While all 50 states previously enacted laws that include felony provisions for animal cruelty cases, the new bill is still important for the enforcement of animal rights. It allows prosecutors and federal law enforcement to address animal abuse cases that cross state lines as well as prosecute animal torture cases that occur on federal property. The law may also funnel additional resources towards investigating animal welfare.
“With today’s act, we take the critical step toward being more responsible stewards of our planet, and all who we want to cherish and take care of,” said Trump at the bill signing ceremony.
Two Florida lawmakers, Republican Representative Vern Buchanan and Democrat Representative Ted Deutch, introduced the bill, which has seen overwhelming bipartisan support. In October, the House unanimously passed the PACT Act and a month later the Senate followed suit.

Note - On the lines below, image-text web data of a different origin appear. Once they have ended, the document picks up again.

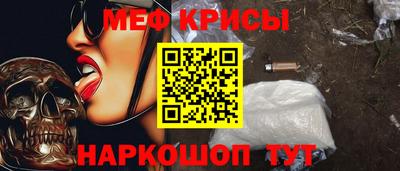 скорость Северобайкальск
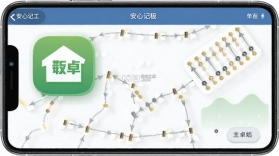 安心记工 v1.0.3 下载官方版 截图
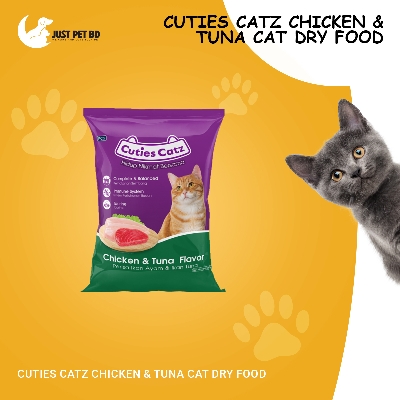 Picture of Cuties Catz Chicken & Tuna Cat Dry Food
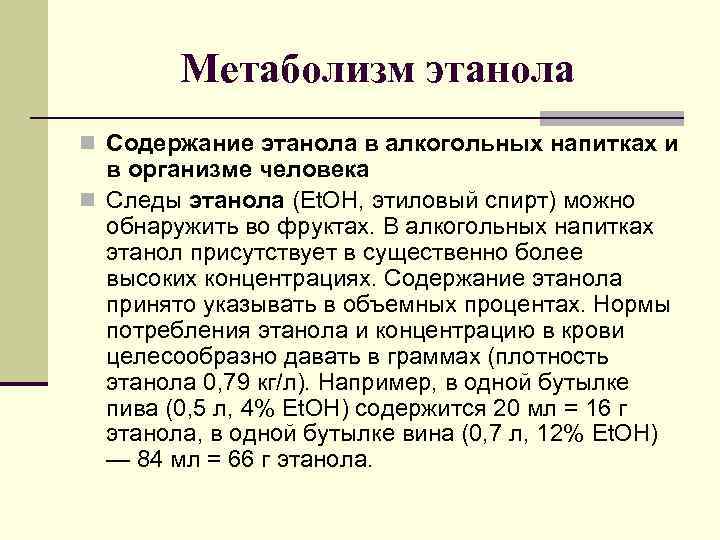 Метаболизм этанола n Содержание этанола в алкогольных напитках и в организме человека n Следы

“While Congress is gridlocked on many issues, there is one issue of consensus: that animals deserve protection from malicious abuse,” said Holly Gann, Director of federal affairs at the Animal Wellness Foundation, a Los Angeles based private charity. “The PACT Act lays a strong foundation to better protect some of the most vulnerable among us.”
In addition to Congressional support, the bill was endorsed by law enforcement agencies across the country including the National Law Enforcement Council and the Fraternal Order of Police. They hope prosecuting those who commit animal abuse acts will reduce violence against humans, as crime statistics have linked the two. A 2008 study found that 40 percent of those charged with animal abuse were later rearrested for the assault of a person.

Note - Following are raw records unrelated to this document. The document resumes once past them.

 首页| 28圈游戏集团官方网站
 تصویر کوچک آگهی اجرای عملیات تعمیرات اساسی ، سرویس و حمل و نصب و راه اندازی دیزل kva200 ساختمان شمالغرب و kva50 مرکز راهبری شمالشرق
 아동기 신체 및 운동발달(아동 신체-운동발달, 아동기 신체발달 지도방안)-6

Animal cruelty caught national attention in the late 1990s after the Humane Society of the United States began investigating “crush videos.” These videos featured animals being tortured and killed—typically beneath a woman’s foot—as part of a sexual fetish. The government made the production and sale of such videos a federal crime in 1999, but in 2010 the Supreme Court ruled the law unconstitutional, citing the First Amendment.
Following the Supreme Court’s decision, President Obama signed the Animal Crush Video Prohibition Act. The act made the recording, uploading, and distribution of animal cruelty videos a crime, but did not punish the actual act of cruelty. The purpose of the PACT act is to fill the gaps in the 2010 law.
“PACT makes a statement about American values,” said Kitty Block, the president and CEO of the Humane Society in a press release. “Animals are deserving of protection at the highest level.”